[Opening The data section]

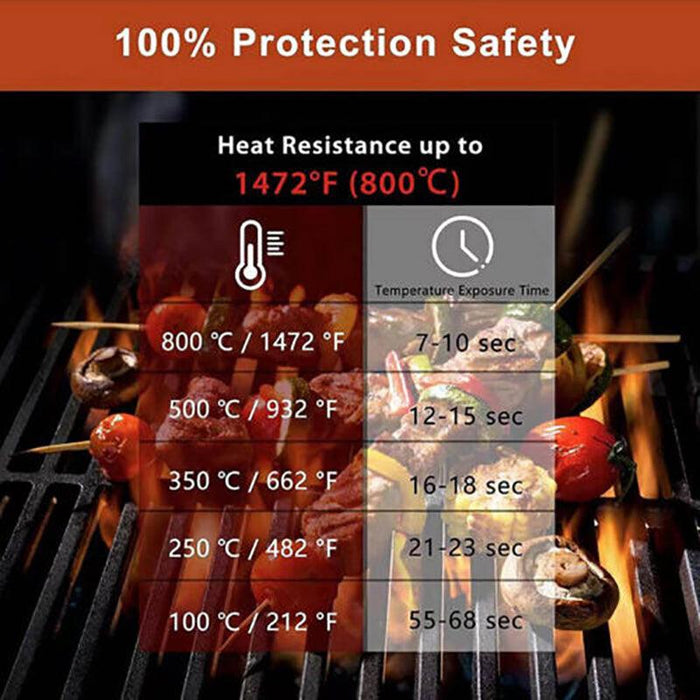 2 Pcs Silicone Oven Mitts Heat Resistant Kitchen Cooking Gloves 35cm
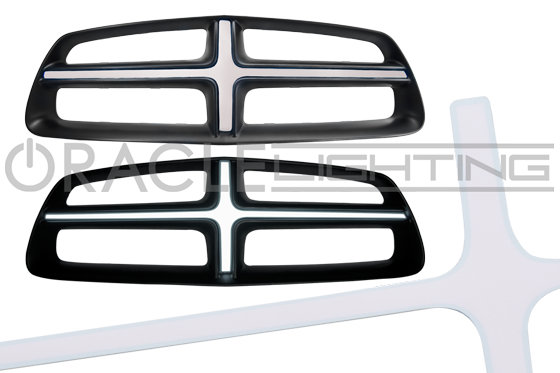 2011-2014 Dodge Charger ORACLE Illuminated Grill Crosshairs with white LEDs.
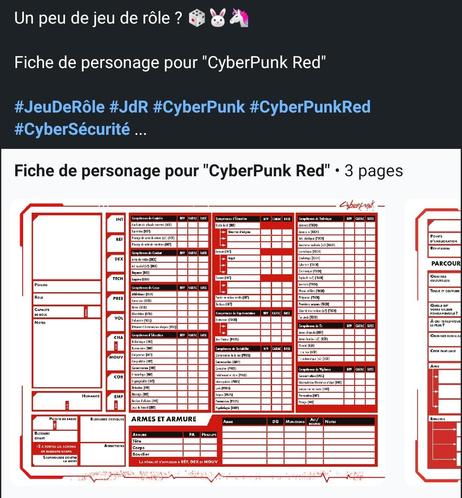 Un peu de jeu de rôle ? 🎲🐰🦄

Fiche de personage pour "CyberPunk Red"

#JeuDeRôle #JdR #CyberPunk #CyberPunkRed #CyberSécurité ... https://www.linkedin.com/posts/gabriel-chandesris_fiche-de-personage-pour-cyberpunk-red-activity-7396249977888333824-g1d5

[Closing The data section]

Exactly as written, print each entry, leaving all pictures out.

 2 Pcs Silicone Oven Mitts Heat Resistant Kitchen Cooking Gloves 35cm
 2011-2014 Dodge Charger ORACLE Illuminated Grill Crosshairs with white LEDs.
 Un peu de jeu de rôle ? 🎲🐰🦄

Fiche de personage pour "CyberPunk Red"

#JeuDeRôle #JdR #CyberPunk #CyberPunkRed #CyberSécurité ... https://www.linkedin.com/posts/gabriel-chandesris_fiche-de-personage-pour-cyberpunk-red-activity-7396249977888333824-g1d5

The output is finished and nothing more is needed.